Where does the dirt go in a washing machine?
Well, the dirt gets washed off your clothes and with the help of your laundry detergent, gets broken down into the water. Then, when the water is flushed out of the machine, the dirt is flushed out with it. Well, most of the dirt is flushed out.
But not all of it.
See, some of the dirt gets left behind in the crevices of our washing machines, and that’s when bacteria and mold start to grow in the machines, and bad odors come after that.
Taking the right steps to learn how to properly clean a washing machine, to ensure you’re getting everything that could cause bacteria and growth out of it, will help prolong the life of your machine AND ensure your clothes come out the way you want them to – clean.
If you’re still not convinced that you should be cleaning your washing machine, let’s go over some quick points.

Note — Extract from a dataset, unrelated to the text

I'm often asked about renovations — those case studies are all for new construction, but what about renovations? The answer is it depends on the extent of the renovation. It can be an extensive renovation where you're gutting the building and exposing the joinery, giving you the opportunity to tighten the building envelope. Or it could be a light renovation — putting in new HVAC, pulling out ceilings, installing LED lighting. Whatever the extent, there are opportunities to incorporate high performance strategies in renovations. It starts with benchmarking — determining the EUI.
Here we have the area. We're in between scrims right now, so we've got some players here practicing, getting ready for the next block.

WHY SHOULD YOU CLEAN YOUR WASHING MACHINE?
If you’re not sure whether you should clean your washing machine or not, here are some reasons why you should:
- Washing machines hold a lot of moisture in them, even while not in use, and can quickly become a breeding ground for mold and bacteria.

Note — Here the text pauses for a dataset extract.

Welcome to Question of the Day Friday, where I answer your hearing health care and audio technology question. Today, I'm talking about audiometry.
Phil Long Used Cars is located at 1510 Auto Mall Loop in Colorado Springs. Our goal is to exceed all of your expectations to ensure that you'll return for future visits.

- When a washing machine isn’t cleaned regularly it can start to let off unpleasant odors.
- These odors can then be transferred to your clothes (the clothes that are supposed to be getting cleaned).
- Dirt from your clothes can get left behind in the machine.

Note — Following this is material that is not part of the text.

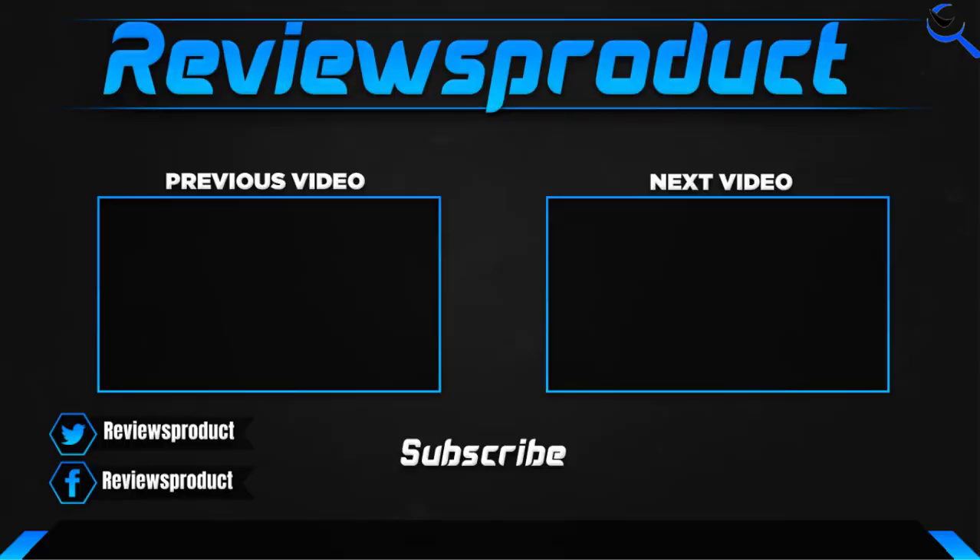Thank you for watching guys. I hope you like this video. If this video helps you, please make sure to like, comment, and subscribe. If you have any questions related to these products, you can comment down below. I hope to get back to you as soon as possible.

- Build up from your water and detergent can occur over time in the pipes, causing your machine to work harder and wear out faster.
Are you convinced yet that your washing machine is due for a good cleaning?
HOW TO CLEAN A WASHING MACHINE
When my husband and I moved into our current house I was taken aback by two things: the stovetop/oven and the washing machine.
The stovetop and oven had dirt, spills, cobwebs (yes – cobwebs), and other substances on and inside it – but that’s a story for another day.
The washing machine had dirt, dust bunnies, grime, slime, detergent, and some pocket change on, in, and around it, and that is when I realized the importance of regularly maintaining and cleaning a washing machine to keep it running as good as it should be.
Since the steps for cleaning a top load versus cleaning a front load washing machine differ slightly, this post will help you learn how to clean a top loading washing machine, while the next post in the series will teach you how to clean a front loading washing machine.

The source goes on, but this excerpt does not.